In a new special issue of the journal Environmental Research Letters, Lydia Olander, Ecosystem Services Program director at Duke University's Nicholas Institute for Environmental Policy Solutions, and others tackle the topic. The journal issue explores the current state of greenhouse gas quantification methods, the potential for improving these methods and proposes new ideas for policy makers in developing countries. Olander served as a guest editor of the issue and author of one of the eight pieces in the edition, which is out this week:
Improving Field Measurements for Soil Carbon: The amount of carbon in soil is a key indicator of agricultural emissions. One study finds that remote sensing data, when calibrated to field data, can be used to estimate soil carbon on a landscape scale. This appears to be a significant improvement over current approaches when quantifying soil carbon on larger scales. This work could improve estimates of carbon storage, or sequestration, and lead to mitigation activities that are better targeted to geographic regions.
Improved Agricultural Greenhouse Gas Data Systems: One of the studies offers trends in greenhouse gas emissions from the agricultural sector and net deforestation using a new greenhouse gas database developed at the Food and Agriculture Organization (FAO) of the United Nations. It shows that agricultural emissions increased from 2000 to 2010, and emissions from agriculture have been consistently larger than those from net deforestation.
Investing in Agricultural Adaptation: Maintaining or enhancing food production is a key objective for many governments. Ensuring that agricultural production is resilient and well adapted to climate change is a key aspect of this. One study finds that broad-based efforts to adapt agriculture to climate change have mitigation co-benefits that are inexpensive relative to many activities whose main purpose is mitigation. The results challenge most existing climate financing portfolios, which support adaptation funds separately from mitigation ones.
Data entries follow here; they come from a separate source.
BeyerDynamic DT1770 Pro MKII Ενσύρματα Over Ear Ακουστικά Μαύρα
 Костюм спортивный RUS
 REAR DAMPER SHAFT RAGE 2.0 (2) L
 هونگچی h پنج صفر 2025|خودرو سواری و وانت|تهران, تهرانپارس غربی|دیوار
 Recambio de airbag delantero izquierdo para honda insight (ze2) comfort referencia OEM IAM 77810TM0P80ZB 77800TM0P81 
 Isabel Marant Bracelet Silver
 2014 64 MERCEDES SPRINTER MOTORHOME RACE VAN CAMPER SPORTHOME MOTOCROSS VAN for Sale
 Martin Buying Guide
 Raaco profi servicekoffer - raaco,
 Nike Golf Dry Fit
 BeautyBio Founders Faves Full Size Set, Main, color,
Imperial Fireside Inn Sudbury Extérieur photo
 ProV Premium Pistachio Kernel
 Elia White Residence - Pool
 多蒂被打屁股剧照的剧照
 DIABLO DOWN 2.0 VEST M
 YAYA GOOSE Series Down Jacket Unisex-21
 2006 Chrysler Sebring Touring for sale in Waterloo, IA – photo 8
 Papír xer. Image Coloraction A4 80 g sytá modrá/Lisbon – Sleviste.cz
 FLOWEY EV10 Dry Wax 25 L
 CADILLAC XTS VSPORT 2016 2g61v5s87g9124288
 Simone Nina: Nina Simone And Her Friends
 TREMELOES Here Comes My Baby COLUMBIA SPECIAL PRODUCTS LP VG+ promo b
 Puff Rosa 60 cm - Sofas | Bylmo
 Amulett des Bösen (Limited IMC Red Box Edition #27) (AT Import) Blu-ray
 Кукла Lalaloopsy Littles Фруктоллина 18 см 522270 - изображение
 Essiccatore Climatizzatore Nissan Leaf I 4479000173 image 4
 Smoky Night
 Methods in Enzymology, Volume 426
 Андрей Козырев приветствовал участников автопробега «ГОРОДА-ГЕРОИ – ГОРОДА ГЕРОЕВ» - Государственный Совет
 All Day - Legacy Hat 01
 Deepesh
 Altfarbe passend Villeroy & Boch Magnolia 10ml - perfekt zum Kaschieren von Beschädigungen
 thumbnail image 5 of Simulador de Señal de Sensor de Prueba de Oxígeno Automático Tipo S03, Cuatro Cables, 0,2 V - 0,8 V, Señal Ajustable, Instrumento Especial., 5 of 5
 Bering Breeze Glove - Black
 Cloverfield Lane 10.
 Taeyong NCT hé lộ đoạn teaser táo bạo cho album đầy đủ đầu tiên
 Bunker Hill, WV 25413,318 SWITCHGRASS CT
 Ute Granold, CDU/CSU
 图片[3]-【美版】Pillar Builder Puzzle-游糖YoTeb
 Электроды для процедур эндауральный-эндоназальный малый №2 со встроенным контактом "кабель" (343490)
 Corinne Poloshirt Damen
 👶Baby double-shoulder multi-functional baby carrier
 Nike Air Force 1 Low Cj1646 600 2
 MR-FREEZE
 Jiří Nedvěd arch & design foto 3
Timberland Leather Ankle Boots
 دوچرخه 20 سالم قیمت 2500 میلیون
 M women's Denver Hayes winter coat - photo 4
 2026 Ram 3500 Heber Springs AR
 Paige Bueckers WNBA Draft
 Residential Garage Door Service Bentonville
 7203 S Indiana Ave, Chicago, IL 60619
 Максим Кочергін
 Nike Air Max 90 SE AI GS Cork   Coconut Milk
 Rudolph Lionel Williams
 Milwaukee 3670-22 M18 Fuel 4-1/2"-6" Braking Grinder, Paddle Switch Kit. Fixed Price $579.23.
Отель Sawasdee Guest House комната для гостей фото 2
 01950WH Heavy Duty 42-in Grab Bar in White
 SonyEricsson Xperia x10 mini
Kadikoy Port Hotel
Low-Cost Greenhouse Gas Quantification: This study outlines the available and affordable tools that monitor greenhouse gas emissions from agricultural wetlands. The authors suggest higher efficiency through use of low-cost quantification tools over more accurate ones due to high probability of failure when using the latter method.
This is the first set of articles in the special issue. Others will follow in the coming months as part of a series on improving quantification of agricultural greenhouse gases.
The special issue is sponsored by the CGIAR Research Program on Climate Change, Agriculture and Food Security and the Nicholas Institute, with support from the David and Lucille Packard Foundation and FAO.